This is perhaps the most constricting element of dramaturgy, especially due to the highly generalized nature of social fronts. Goffman parses this concept briefly and almost flippantly in his text, speculating that it may be little more than a product of human society’s natural evolution. As human society transitioned from small groups defined by kinship to a sprawling, heavily-industrialized society the idea of social fronts was transformed. Gradually, the room for individuality dissipated. However, the belief of not grouping together people of dissimilar status was maintained. The “full range of diversity [in society became] cut at a few crucial points, and all those within a given bracket are allowed or obliged to maintain the same social front” (27).
This type of organization – where multiple performances become captured under amorphous umbrella of a social front – is explicitly captured in Harron’s American Psycho. As mentioned, the men existing in Bateman’s social group are nearly carbon copies of one another. However, there are subtle difference in the performances they offer up to the group.
Two early dinner scenes establish Bateman’s specific performance type of the “boy next door.” One of these scenes is the film’s opening, where Bateman chastises his friend Craig McDermott for making a racial slur about Jewish people. This performance is part of Bateman’s “routine” for his friends, insofar as it is a performance given repeatedly, which connects him to a larger social circle. A comparable performance is given a few scenes after the film’s opening, where Bateman waxes about what the important ideals are for society to focus on, which are wildly incongruent with the debauched, vacuous lives of his social group. His friends laugh this off as another example of Bateman being Bateman, the “boy next door.”
Well, we have to end apartheid, for one, […] stop terrorism and world hunger. We have to provide food and shelter for the homeless… and oppose racial discrimination and promote civil rights, while also promoting equal rights for women. We have to encourage a return… to traditional moral values. Most importantly, we have to promote general social concern… and less materialism in young people. (American Psycho)
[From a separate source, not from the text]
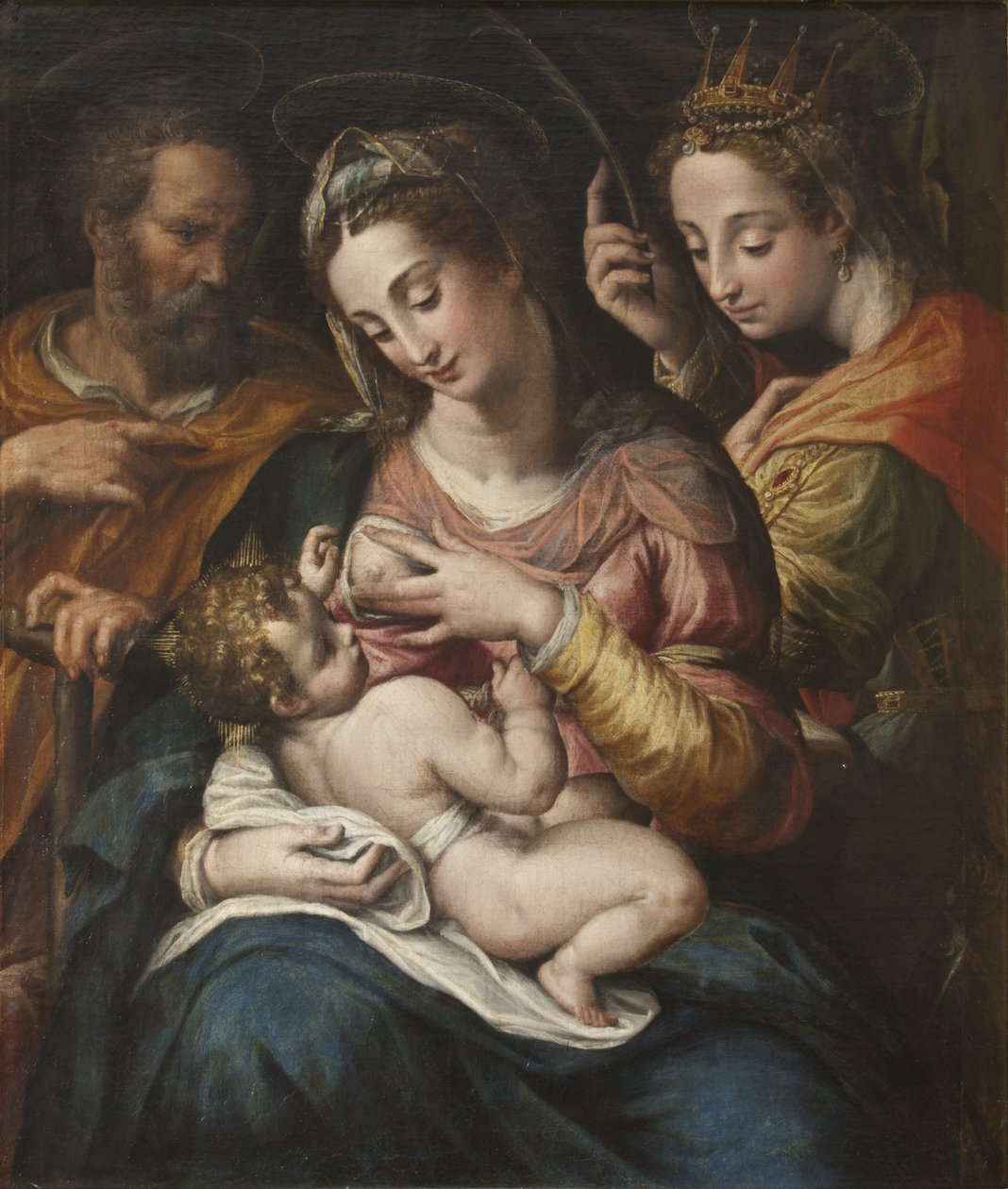 Den hellige familie med den hellige Catherine, ca. 1600 af Giulio Cesare Procaccini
Despite this mild personality quirk, Bateman is almost completely submerged by his epochal circumstances, and is left with very little real identity. He is, as he mentioned, “not there.” He has conformed not only to his culture, but to his social front. Harron’s film suggests this with powerful visual imagery, such as Bateman’s face being continually obscured behind glass and in reflections, but also in maintaining the “faceless society” motif that was so dominant in Ellis’s text.
In this particular world mistaken identity is common. There are certain scene where Bateman comments through voice-over about the physical and social similarities he sees between himself and his colleagues. There’s even a moment where the Wall Street men compare identical business cards, which list all of their positions as “Vice President.” While perhaps heavy-handed, these scenes are deeply intuitive regarding dramaturgical principles. The functioning of society necessitates the creation of fronts, which due to their highly abstracted character seek to limit any significant signs of individuality.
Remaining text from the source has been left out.